Via de pont van Beusichem, die wel op zondagmorgen vroeg vaart, op naar Het Spoel naar ons winderig wandelbegin. De ijsvogel daar was een treffend symbool voor het koude maar opgewekte begin van de route. Daar begon trouwens ook al het opdringerige hooligan-achtige gegak van hitsige brandganzen, dat de hele excursie als een geluidsbranding door de uiterwaarden golfde. Het net zo opgewonden getoeter van de Canadese ganzen leek wel een protest daartegen. Dat kon je van de brullende motoren op de noorddijk van de Lek niet zeggen. Daar trokken de tjiftjaffen, zwartkoppen, rietgorzen en fitissen zich niets van aan. Integendeel. Veel rustiger was het paartje staartmezen en de eerste grasmus én de eerste snor. De salvo’s van de Cetti’s zanger hadden weer wel iets gewelddadigs. Een enkele keer kwam er een, wegvliegend, in beeld. Aan de westkant van Het Spoel troffen we een vertegenwoordiging van vijf eendensoorten aan en enkele futen daartussen. Ook hier af en toe een meerkoet in agressiedraf onderweg naar een rivaal. De kop laag boven de grond en stormen maar.

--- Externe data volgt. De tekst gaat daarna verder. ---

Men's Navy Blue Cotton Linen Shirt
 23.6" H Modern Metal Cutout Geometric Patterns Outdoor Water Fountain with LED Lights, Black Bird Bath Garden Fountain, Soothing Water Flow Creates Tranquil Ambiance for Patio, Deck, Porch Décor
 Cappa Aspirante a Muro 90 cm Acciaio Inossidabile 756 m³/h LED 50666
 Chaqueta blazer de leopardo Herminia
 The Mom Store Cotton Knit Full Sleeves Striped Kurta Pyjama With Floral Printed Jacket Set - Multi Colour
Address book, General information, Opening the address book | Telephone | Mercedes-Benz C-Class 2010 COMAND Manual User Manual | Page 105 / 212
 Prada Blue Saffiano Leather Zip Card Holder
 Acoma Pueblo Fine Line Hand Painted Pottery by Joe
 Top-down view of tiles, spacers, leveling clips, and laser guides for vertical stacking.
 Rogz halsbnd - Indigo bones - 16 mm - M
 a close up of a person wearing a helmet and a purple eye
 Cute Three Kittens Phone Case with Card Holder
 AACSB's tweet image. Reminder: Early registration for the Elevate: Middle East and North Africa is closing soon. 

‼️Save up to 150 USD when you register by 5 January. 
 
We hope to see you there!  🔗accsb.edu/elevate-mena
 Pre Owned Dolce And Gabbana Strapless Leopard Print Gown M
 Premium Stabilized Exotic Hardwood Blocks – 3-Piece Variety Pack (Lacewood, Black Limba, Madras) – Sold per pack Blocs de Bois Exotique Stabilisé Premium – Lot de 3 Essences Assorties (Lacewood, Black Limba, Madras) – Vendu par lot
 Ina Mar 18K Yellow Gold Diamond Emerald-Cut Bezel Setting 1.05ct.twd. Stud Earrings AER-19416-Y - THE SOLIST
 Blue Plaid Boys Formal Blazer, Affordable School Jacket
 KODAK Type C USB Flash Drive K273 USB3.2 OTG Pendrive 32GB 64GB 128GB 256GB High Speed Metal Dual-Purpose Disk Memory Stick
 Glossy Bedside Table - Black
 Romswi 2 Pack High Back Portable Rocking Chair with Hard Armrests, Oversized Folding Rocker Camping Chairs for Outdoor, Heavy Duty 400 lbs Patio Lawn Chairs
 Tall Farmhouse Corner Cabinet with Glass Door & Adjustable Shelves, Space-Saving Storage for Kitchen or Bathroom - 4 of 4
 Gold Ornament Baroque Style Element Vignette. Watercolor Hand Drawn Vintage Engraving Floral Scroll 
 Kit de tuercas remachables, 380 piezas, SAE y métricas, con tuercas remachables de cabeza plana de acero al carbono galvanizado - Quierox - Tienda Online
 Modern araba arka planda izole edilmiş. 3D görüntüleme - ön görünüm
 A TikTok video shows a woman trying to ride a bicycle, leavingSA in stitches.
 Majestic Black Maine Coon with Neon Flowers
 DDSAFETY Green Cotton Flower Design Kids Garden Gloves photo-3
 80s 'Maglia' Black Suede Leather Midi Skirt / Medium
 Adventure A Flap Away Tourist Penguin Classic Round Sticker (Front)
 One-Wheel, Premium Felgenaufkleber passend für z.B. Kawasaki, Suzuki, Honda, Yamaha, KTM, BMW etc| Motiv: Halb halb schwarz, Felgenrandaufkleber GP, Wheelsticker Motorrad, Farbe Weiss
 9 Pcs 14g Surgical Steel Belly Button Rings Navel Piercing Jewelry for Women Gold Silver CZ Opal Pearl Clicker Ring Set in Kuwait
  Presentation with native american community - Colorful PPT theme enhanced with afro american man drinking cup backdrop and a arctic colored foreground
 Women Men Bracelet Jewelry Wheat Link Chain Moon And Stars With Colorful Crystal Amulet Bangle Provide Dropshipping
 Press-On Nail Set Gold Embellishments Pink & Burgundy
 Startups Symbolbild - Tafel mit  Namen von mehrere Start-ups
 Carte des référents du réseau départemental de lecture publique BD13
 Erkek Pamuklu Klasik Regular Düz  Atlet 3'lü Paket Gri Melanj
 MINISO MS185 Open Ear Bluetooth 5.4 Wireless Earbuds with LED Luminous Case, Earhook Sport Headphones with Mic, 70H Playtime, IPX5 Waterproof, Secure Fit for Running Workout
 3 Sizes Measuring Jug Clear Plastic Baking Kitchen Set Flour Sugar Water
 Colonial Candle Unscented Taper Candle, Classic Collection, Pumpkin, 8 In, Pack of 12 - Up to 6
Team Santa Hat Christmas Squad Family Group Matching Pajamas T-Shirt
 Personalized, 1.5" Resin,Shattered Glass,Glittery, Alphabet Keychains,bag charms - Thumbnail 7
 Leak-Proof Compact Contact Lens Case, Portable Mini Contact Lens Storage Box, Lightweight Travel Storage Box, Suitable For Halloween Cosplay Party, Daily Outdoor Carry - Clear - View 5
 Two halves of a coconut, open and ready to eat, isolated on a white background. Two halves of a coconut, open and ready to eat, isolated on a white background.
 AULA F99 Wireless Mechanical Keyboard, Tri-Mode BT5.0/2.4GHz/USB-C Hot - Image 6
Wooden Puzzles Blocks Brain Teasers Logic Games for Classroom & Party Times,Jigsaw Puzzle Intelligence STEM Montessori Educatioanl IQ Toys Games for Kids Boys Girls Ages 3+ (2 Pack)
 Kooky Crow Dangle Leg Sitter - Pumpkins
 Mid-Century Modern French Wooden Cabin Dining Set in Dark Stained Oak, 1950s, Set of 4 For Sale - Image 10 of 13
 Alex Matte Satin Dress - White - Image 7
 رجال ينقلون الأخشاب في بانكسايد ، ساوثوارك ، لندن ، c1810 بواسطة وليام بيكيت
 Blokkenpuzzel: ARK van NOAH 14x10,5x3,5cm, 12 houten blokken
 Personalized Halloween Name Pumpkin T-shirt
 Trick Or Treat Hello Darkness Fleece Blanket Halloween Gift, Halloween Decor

Een bedaard mannetje bruine kiek vloog een eind voor ons in alle zondagsrust zuidwaarts de dijk over, iets wat de plaatselijke torenvalk niet ontging. Wij waren maar wat blij met het jonge loof van de meidoorns. Tussen deze windvangers door konden we naar waterpalen aan de noordkant van de Lek turen. Die dichte palenrij brengt het rivierwater in de kleine baaitjes tot rust en is ook een veilige zitplaats voor kleine mantelmeeuwen, visdiefjes, kokmeeuwen en soms een zilvermeeuw. Een geelpootmeeuw zou er niet misstaan hebben. Wij kregen hem niet in beeld. Wel een paar casarca’s die vanuit onze rug in kwamen vliegen op een serie schiereilandjes waar in de buurt ook al drie krooneenden rondhingen. Concentratie van toeval.
Westwaarts voorbij fort Everdingen zijn er wat slikkige landruggen. Op weg daar naar toe passerden we een terreintje waar de bevers zich al het hele voorjaar aan het uitleven waren en aan de overkant van het water streek voor even een witgatje, zwarte ondervleugel. neer, maar hield het na twee minuten alweer voor gezien. Dat was niet de schuld van de wulpen die daar neerstreken. Hun zang had niet direct de suggestie van de zondagochtendzang, maar bedreigend waren ze ook niet. Hoe dan ook, op de slikruggetjes was het een gemengd dutten van wintertalingen en grutto’s. De plevierenroep konden we niet nader preciseren gehinderd als we werden door scholeksters en tureluurroepjes. De enigen die waakten en zich toch beschaaafd gedroegen waren de slobeenden. Die hebben alleen visueel een grote mond.
Op de terugweg werden onze fata morgana’s van warme chocolademelk door de groene specht van achtergrondgelach voorzien.